Но, несмотря на эти трудности и предостережения, мы не имеем права отказаться от сопоставления скудного славянского материала с мифологическим богатством других индоевропейских народов, и прежде всего греков. Поступим по примеру Яна Длугоша и возьмем в качестве мерила хорошо известную нам мифологию античного мира. Греческая мифология ценна для нас, во первых, своей детальной разработанностью, точным обозначением функций божеств, во вторых, тем, что она прослеживается на протяжении почти двух тысячелетий и при известном усилии сквозь густую чащу позднейших литературно гоэтических домыслов удается рассмотреть действительную эволюцию воззрений, как народных, так и жреческих. В третьих, необходимо отметить, что при всем различии исторических путей славянства и греческого мира между ними не было непроходимой пропасти; дорийцы до переселения жили в сравнительной близости от праславян, а в классическую эпоху праславяне борисфениты вели настолько регулярную торговлю с греками в самой Ольвии (в «Торжище борисфенитов»), что здесь открывались возможности и для религиозных контактов.
Античная религия и мифология давно уже перестали представляться нам в их литературном позднем оформлении как Олимп, населенный пирующими или суетящимися по своим делам богами со строго определенными функциями.
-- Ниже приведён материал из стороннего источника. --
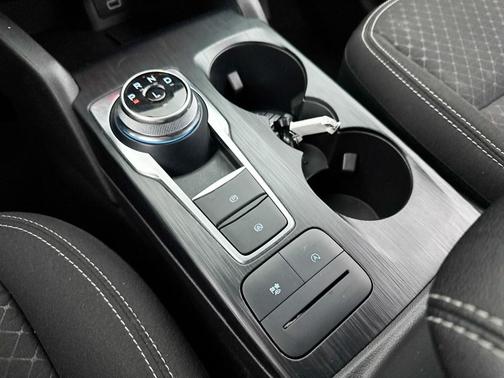Oxford White 2024 Ford Escape Active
Работы А. Ф. Лосева подвели итог ряду исследований, показывающих необычайную сложность античных мифологических образов, их глубокие первобытные корни и причудливую динамику их исторического бытия 611.
В первой из названных работ, написанной ещё до расшифровки крито микенского письма, автор с достаточной прозорливостью углубляет хронологически олимпийских богов в яркий крито микенский мир. Публикация расшифрованных кносских и пилосских надписей подтвердила правильность этой мысли. Вторая работа, ограниченная, к сожалению, только образами Зевса и Аполлона, дает интересный анализ многогранности религиозных представлений греков. Сложение мифологии Зевса автор относит к позднеминойскому периоду (1600 – 1100 гг. до н. э.). Зевсу, как повествуют мифы, предшествуют Уран и сын Урана – Кронос, отец Зевса. После Зевса, отчасти на смену ему, выступает Аполлон, а в VII в. до н. э. по всему греческому миру распространяется культ Диониса 612.
Однако эта маскулинизированная патриархальная мифологическая система, оформленная в позднейший период, не может нас удовлетворить. А. Ф. Лосев правильно отмечает важное значение матриархальных культов, но, поскольку они не относятся к его основной теме, он говорит о них лишь попутно, не останавливаясь на анализе всей матриархальной стадии.
Для данной книги мне представляется крайне важным установление промежуточных звеньев между культом охотничьих небесных лосих, двумя рожаницами – женщинами земледельческого энеолита и явно патриархальными культами Зевса или Сварога.